Since craftsman stopped buying from Emerson electric, they are no longer a viable source for power tools in my book. The old craftsman is now Rigid. They tend to be a bit better but in my opinion are also not really professional grade. I also am not a Rikon fan.. for the money, look at Grizzly, Jet, or Steel City. If you save a bit more, Powermatic is also great.


----------



## rikkor (Oct 17, 2007)

I will not buy anymore Craftsman tools. They have really gone K-Mart. I have a Grizzly 14" that I am quite happy with.


----------



## Hawgnutz (Mar 29, 2007)

Yes, Rikkor, I will not buy any new Craftsman tools, except those not available elsewhere, such as the 7 1/4" miter saw and their smaller biscuit joiner. There quality has really gone downhill these last years.

Yes, Hunter, I will take a loss on selling it, but quality is worth a hit in the wallet. I don't live near a Grizzly store and their shipping costs kinda make me hesitant. I would rather drive drive to Tucson and buy one I can see in use at Wodcraft. But I will not hesitate to buy a Grizzly. here customer service is GREAT!

God Bless,
Hawg


----------



## sIKE (Feb 14, 2008)

I have just about stopped by anything Craftsman that is powered. I still like to buy the hand tools though.


----------



## jim1942 (Feb 14, 2009)

I bought this saw about a year ago. Fair saw but really hard to set the lower guides. Almost have to remove the table to change blade and reset guides. Glad I kept my old saw. I keep a 1/8 blade on the old and the larger blade on this and it seems to work out okay.
Along with lots of other folks this will be my last craftsman power tool. sad…...........


----------



## knotscott (Feb 27, 2009)

Hi Hawg - I've had this 12" BS for a couple of years now. AFAIK, it's made by Richen Enterprises who also makes the Rikon. If you look at the schematics for both, there are several shared parts.

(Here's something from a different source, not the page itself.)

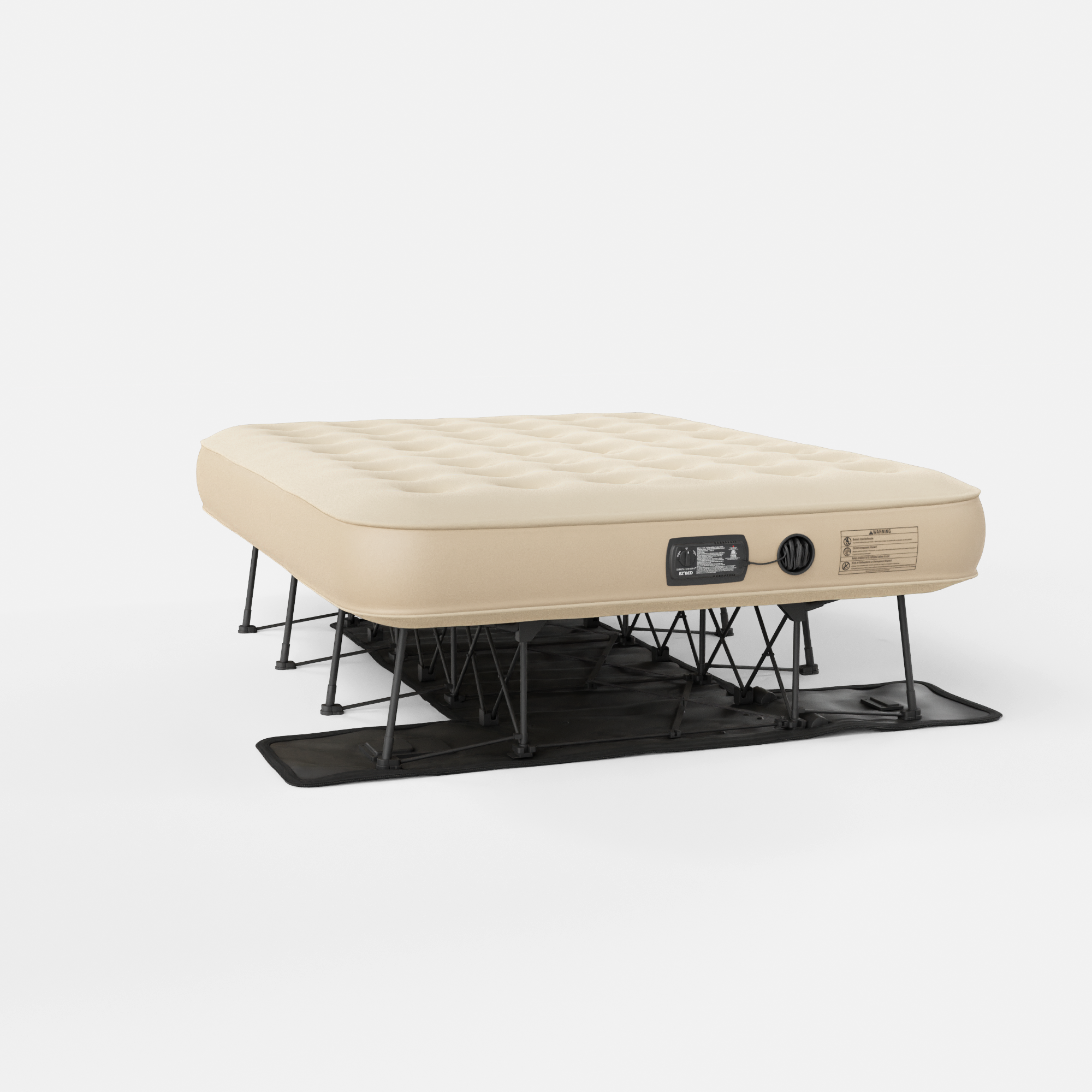 EZ Air Bed Self Inflating Queen Size Air Mattress with Built in Frame Pump and Wheeled Case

My experience with this saw has been really good. I'm consider adding a review of it here also…I'd rate it a solid 4 Stars. I agree that the bearings are not high quality, but I replaced them all for under $10 in about 15 minutes. All's well now. I have 3 different Timberwolf blades for it, and it'll cut well to it's capacity limits. The fence is functional, it has a large cast iron table, and with the proper blade, it'll resaw to it's full 7" height with a reasonable feedrate. It's no Minimax, and no doubt it won't hang with the upper end 14-17" saws on the market, but nor do I expect it too. My shop is small, and my budget is typically tight. The 22400 fit the bill and the budget….it replaced a 9" Ryobi, and has done really well by me. Their 14" model has a fairly large happy following too.

This was the 2nd major Craftsman tool purchase for me…the other being the Craftsman (Orion) 22124 hybrid saw, that was super. I think some of the newer Craftsman tools are extremely competitive if you can swing a good sale price. I've since upgraded the table saw to a 3hp cabinet saw, but there are still aspects of the 22124 hybrid that I still miss.


----------